▶ _To do_: Each line from the one containing "Electric Space Duck" to the end of the records should be copied exactly, and no other line.

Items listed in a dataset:
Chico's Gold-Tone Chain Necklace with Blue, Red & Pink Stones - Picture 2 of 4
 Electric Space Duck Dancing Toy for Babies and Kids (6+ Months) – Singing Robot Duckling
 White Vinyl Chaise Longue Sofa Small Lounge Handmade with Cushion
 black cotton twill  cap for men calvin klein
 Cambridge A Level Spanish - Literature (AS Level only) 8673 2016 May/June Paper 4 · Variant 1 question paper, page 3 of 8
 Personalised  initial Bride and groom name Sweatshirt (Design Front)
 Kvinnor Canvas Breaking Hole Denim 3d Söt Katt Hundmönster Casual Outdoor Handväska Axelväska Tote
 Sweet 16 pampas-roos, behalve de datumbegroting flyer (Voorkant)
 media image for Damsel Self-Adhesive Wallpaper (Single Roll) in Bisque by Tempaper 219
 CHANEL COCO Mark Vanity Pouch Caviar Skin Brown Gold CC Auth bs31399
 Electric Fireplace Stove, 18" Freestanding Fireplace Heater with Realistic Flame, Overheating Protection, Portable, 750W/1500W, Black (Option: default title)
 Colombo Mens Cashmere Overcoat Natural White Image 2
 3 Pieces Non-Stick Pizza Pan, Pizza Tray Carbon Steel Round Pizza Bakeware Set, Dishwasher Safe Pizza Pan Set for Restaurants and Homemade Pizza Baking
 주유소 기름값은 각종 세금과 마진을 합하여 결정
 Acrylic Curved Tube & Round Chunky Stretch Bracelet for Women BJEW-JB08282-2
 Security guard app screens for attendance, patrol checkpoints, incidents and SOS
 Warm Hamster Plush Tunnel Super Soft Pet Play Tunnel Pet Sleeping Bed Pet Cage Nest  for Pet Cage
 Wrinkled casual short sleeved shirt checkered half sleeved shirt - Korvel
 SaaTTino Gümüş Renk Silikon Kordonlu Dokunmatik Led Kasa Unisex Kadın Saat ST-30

▶ _Answer section_:
 Electric Space Duck Dancing Toy for Babies and Kids (6+ Months) – Singing Robot Duckling
 White Vinyl Chaise Longue Sofa Small Lounge Handmade with Cushion
 black cotton twill  cap for men calvin klein
 Cambridge A Level Spanish - Literature (AS Level only) 8673 2016 May/June Paper 4 · Variant 1 question paper, page 3 of 8
 Personalised  initial Bride and groom name Sweatshirt (Design Front)
 Kvinnor Canvas Breaking Hole Denim 3d Söt Katt Hundmönster Casual Outdoor Handväska Axelväska Tote
 Sweet 16 pampas-roos, behalve de datumbegroting flyer (Voorkant)
 media image for Damsel Self-Adhesive Wallpaper (Single Roll) in Bisque by Tempaper 219
 CHANEL COCO Mark Vanity Pouch Caviar Skin Brown Gold CC Auth bs31399
 Electric Fireplace Stove, 18" Freestanding Fireplace Heater with Realistic Flame, Overheating Protection, Portable, 750W/1500W, Black (Option: default title)
 Colombo Mens Cashmere Overcoat Natural White Image 2
 3 Pieces Non-Stick Pizza Pan, Pizza Tray Carbon Steel Round Pizza Bakeware Set, Dishwasher Safe Pizza Pan Set for Restaurants and Homemade Pizza Baking
 주유소 기름값은 각종 세금과 마진을 합하여 결정
 Acrylic Curved Tube & Round Chunky Stretch Bracelet for Women BJEW-JB08282-2
 Security guard app screens for attendance, patrol checkpoints, incidents and SOS
 Warm Hamster Plush Tunnel Super Soft Pet Play Tunnel Pet Sleeping Bed Pet Cage Nest  for Pet Cage
 Wrinkled casual short sleeved shirt checkered half sleeved shirt - Korvel
 SaaTTino Gümüş Renk Silikon Kordonlu Dokunmatik Led Kasa Unisex Kadın Saat ST-30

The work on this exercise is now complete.